Now comes the process of actually making it happen.
Often, IT admins are afraid of the steps to remove AD from the network. There is the fear of the unknown. What if there is some consequence that wasn’t anticipated? The results could be serious. Directory services are the core of any network infrastructure and perhaps the most important component of IT outside of the network itself.
So, the question quickly moves from why replace Active Directory to how to replace Active Directory – securely and effectively. Still, before we dive into the steps of migrating from Active Directory, let’s walk through the reasons to make the shift.
Reasons to Replace Active Directory
Identity management has been at the core of organizations for the last two decades. Microsoft Active Directory has been the commercial identity and access management solution of choice. AD works well with Windows and when the IT resources it manages – users, systems, applications, and networks – are on-prem.
As organizations have shifted to the cloud, Active Directory is no longer as helpful as before. In fact, with the move to MacOS, Linux, AWS, Google Apps, Office 365, and more, a cloud hosted directory services solution is needed.
Alternatives to AD
Directory-as-a-Service® has become the most popular choice as an alternative to Active Directory. As a unified cloud directory it is delivered as a service and is independent. That means that IT gets to choose what IT platforms are best for their organization and they off-load the heavy lifting of managing an identity management solution.
As IT organizations think about migrating away from Active Directory, the cloud directory platform has a built in process to seamlessly replace Active Directory.

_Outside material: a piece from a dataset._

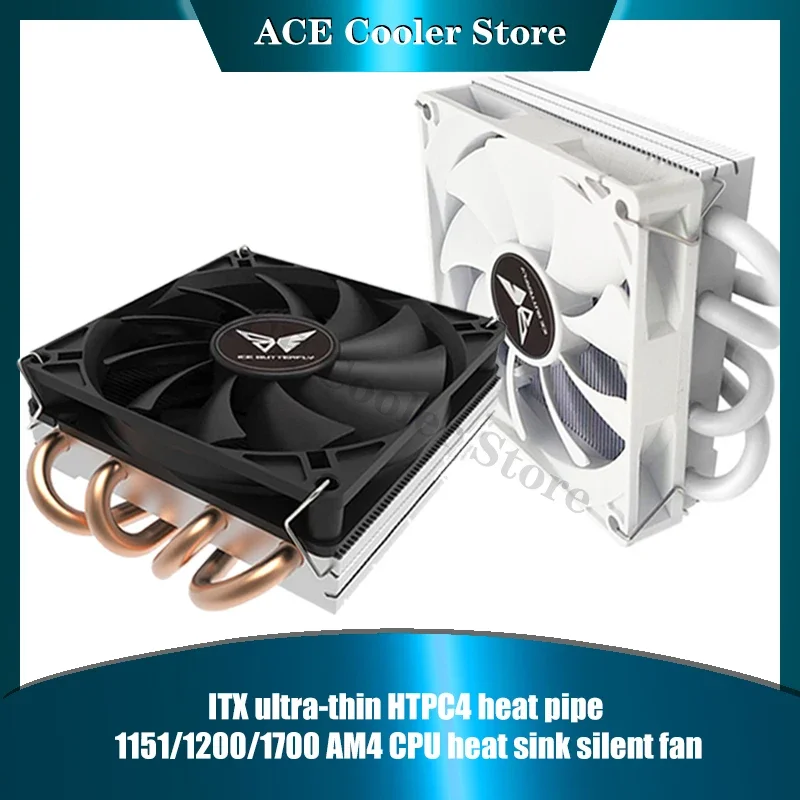 Refrigerador de ar cpu para mini itx caso ultra-fino 39mm de altura z39 4 heatpipe cobre cpu radiador 4pin controle pwm para plataforma amd/intel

How to Replace Active Directory in Five Steps using JumpCloud
The process of how to replace Active Directory to Directory-as-a-Service is laid out below:
#1 Sign-Up for Directory-as-a-Service —
#2 Install the Active Directory Bridge Component —
After you’ve signed-up, install the Active Directory Bridge component on your AD server. This will link your system to the cloud hosted directory service. Any changes in AD will be reflected into the cloud directory. Note that AD is still the authoritative system at this point.
#3 Import AD Users into Directory-as-a-Service —
Identify the users that you want to be imported into the Directory-as-a-Service platform. You can choose to import as few or as many users as you would like.
#4 Test and Verify —
With the users imported into the virtual identity provider, you can begin to test. It’s ideal to test with your Macs, Linux devices, AWS cloud servers, Google Apps, and more. If you decide to test with any Windows systems, you will need to break the tether to AD and then test those systems. Your goal at this step is to ensure that everything works as expected and your users have been imported properly. You can continue to run your systems in parallel for as long as you need to feel comfortable before you cut the cord on AD.
#5 Dissociate the Users from AD —
Once you are ready to migrate completely away from AD, you’ll dissociate your users from AD. This is the last step and at this point, the cloud directory service is the authoritative source. AD will no longer control your users.
More than One Way to Replace AD
The process of replacing Active Directory can go as fast or slow as you want. Both Directory-as-a-Service and Active Directory can run in parallel, so you don’t need to eliminate AD completely until you are ready.